Anti Scraping Protection (ASP)
Service interruptions may occasionally occur, independent of our control. As technology progresses, we continuously strive to identify and adjust our solutions, which may take several days to weeks to implement a reliable production-grade remedy. It is essential to bear this in mind and develop your software accordingly when utilizing this feature.
Please note that we do not offer estimated time of arrival (ETA) or guarantees regarding workarounds. Our dedicated team is diligently working towards finding solutions, but it is impractical for us to provide such information in advance.
Our Anti-Scraping Protection is designed to unblock protected websites that are inaccessible to bots. We accomplish this by incorporating various concepts that help maintain a coherent fingerprint, making it as close to that of a real user as possible when scraping a website. If you are interested in understanding the technical aspects of how we achieve this undetectability, we have published a series of articles on the subject available in the learning resources section below.
It is important to note that while our anti-scraping protection solution is able to bypass protection measures, there are certain actions that are prohibited and will result in the suspension of your account. These actions include:
- Automated Online Payment
- Account Creation
- Spam Post
- Falsify Vote
- Credit Card Testing
- Login Brute Force
- Referral / Gifting systems
- Ads fraud
- Ticketing (Automated Buying System)
- Betting, Casino, Gambling
Please be aware that our solution may be authorized for use by cybersecurity firms (red teams) only after obtaining approval from the relevant parties for the specific domains they wish to test.
Scrapfly is capable of identifying and resolving obstacles posed by commonly used anti-scraping measures. Our platform also provides support for custom anti-scraping measures implemented by popular websites. Our anti-bot bypasses do not require any extra input from you, and you will receive successful responses directly.
It's important to keep in mind that anti-bot solutions frequently change and evolve, so our bypass techniques may need to be adjusted accordingly. It's recommended that you handle ASP errors correctly when depending on ASP.
If you're attempting to scrape a protected website, it's advisable to try multiple configurations, with or without a browser, and to use residential proxies. If you're sending a POST request with a body, you must configure the headers and content type to mimic a genuine call.
If you're still experiencing issues despite all your efforts, please contact us via chat to explore further options. Custom bypasses are available through custom plans.
When ASP is enabled, anti-bot solution vendor are automatically detected and everything is managed to bypass it.
curl -G \ --request "GET" \ --url "https://api.scrapfly.io/scrape" \ --data-urlencode "key=__API_KEY__" \ --data-urlencode "url=https://httpbin.dev/anything" \ --data-urlencode "tags=project:default" \ --data-urlencode "asp=true"
"https://api.scrapfly.io/scrape?key=&url=https%3A%2F%2Fhttpbin.dev%2Fanything&tags=project%3Adefault&asp=true" "api.scrapfly.io" "/scrape" key = "" url = "https://httpbin.dev/anything" tags = "project:default" asp = "true"
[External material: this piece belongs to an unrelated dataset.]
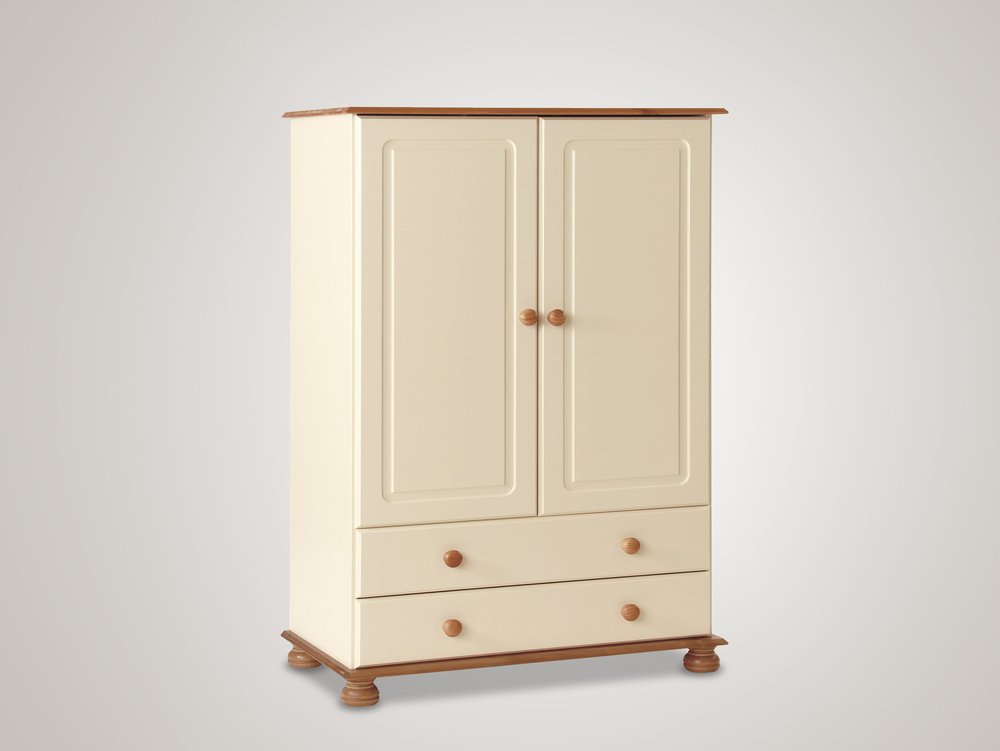 Furniture To Go Copenhagen Cream And, Pine Wardrobe With Drawers And Shelves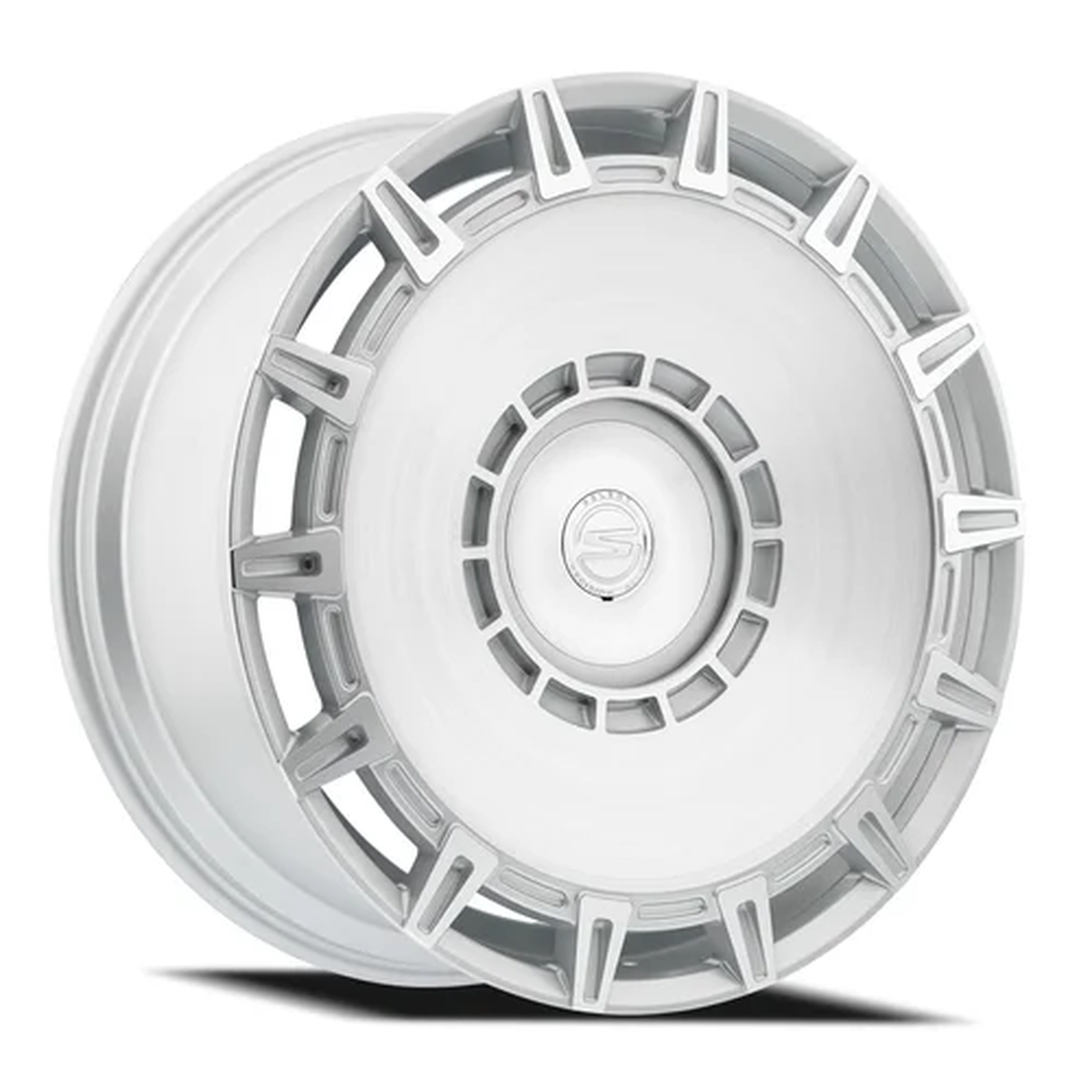 Select Precision Alloys Wheels S106 Apollo Gloss Silver Brushed 22x10.5 38mm Offset 5x112,5x120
ASP is magic but have some limitations
While popular anti-bot vendors can be bypassed, there are still some areas that require manual configuration of calls. Websites that expose their internal APIs publicly or use form POST with authentication or proof of browser cannot be guessed or fixed by anti-bot solutions. If you want to be successful in scraping such websites, you need to investigate and put in effort to configure your calls correctly. The most difficult part of defeating anti-bot measures has already been done for you, but you need to take the last mile by configuring your calls correctly.
How to avoid anti bot detection on POST request
Avoiding anti-bot detection on a POST request can be tricky, but there are some key areas to focus on:
Mimic a real user's behavior: Anti-bot systems often check for unusual behavior that may indicate a bot, such as a high number of requests from the same IP address or at the same time. You can mimic a real user's behavior by visiting some pages to retrieve navigation cookies/referers urls.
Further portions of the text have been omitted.